> **EXERCISE GOAL**
What is needed is an exact copy of the lines from the one containing "Take the Augusta" through the last line of the records, with no pictures.

> **INFORMATION**

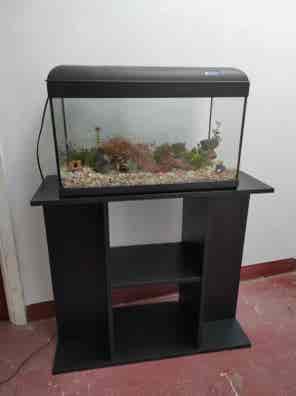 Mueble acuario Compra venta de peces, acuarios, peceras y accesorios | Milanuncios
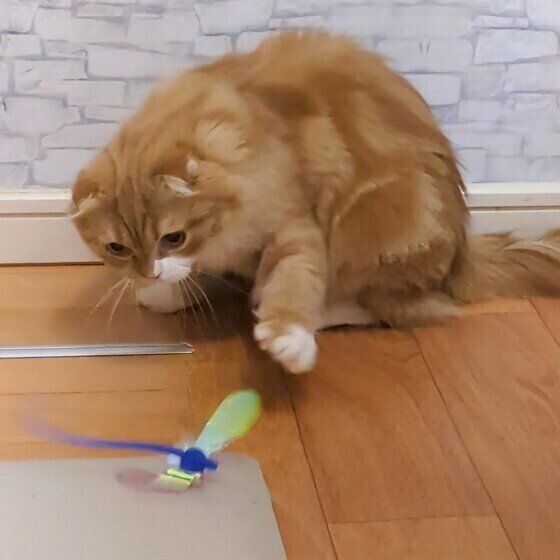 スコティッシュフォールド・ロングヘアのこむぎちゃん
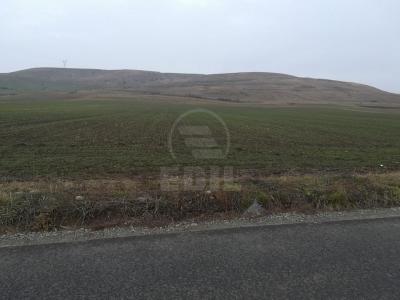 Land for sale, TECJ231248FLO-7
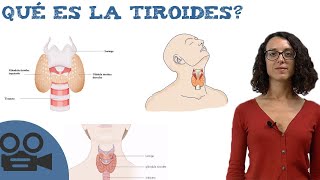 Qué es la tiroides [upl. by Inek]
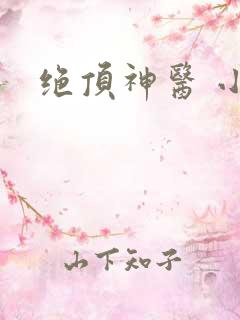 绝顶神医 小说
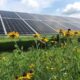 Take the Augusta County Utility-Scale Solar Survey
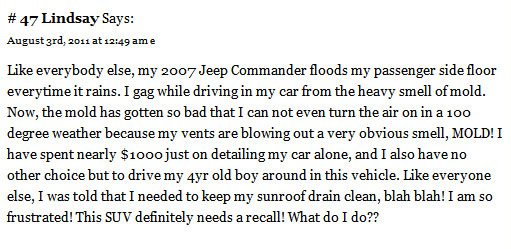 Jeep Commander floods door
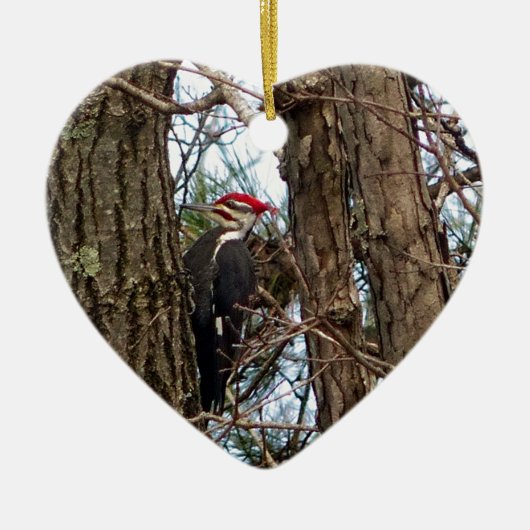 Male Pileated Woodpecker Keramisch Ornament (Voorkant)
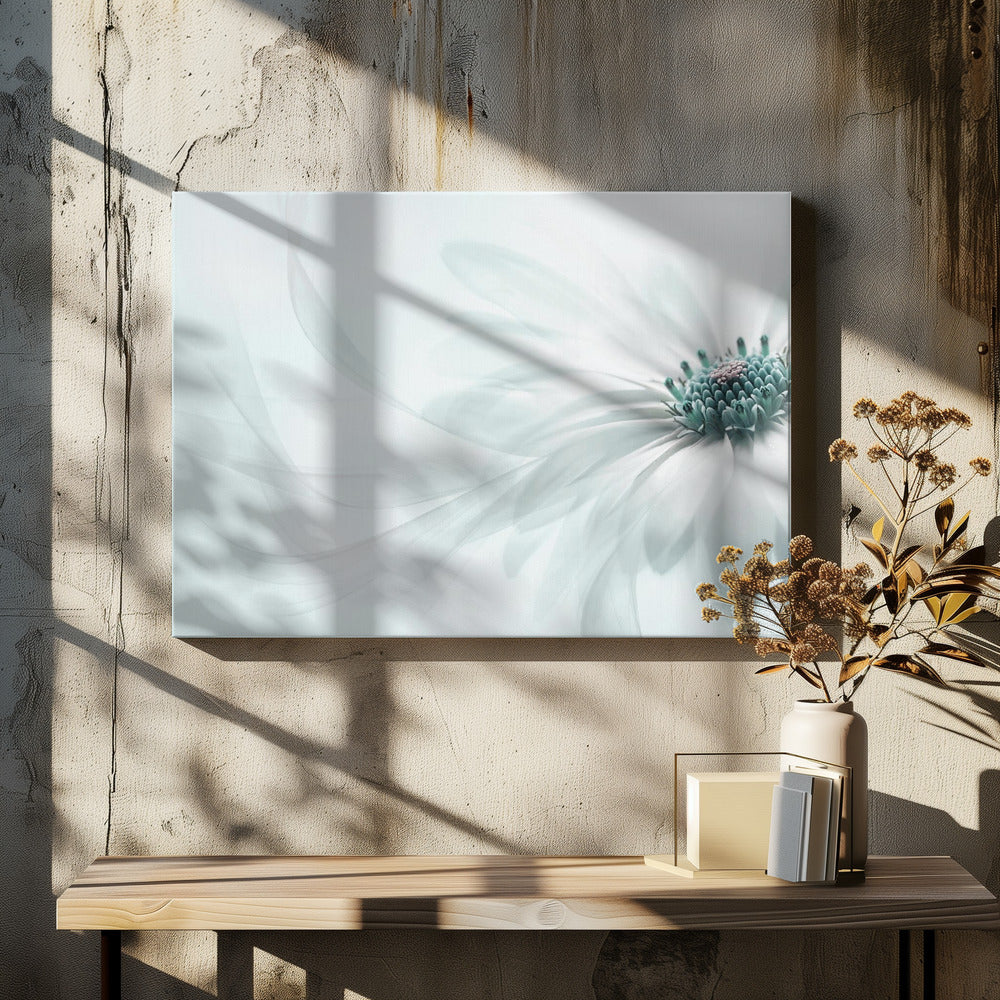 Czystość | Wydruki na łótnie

> **EXERCISE ANSWER**
 Take the Augusta County Utility-Scale Solar Survey
 Jeep Commander floods door
 Male Pileated Woodpecker Keramisch Ornament (Voorkant)
 Czystość | Wydruki na łótnie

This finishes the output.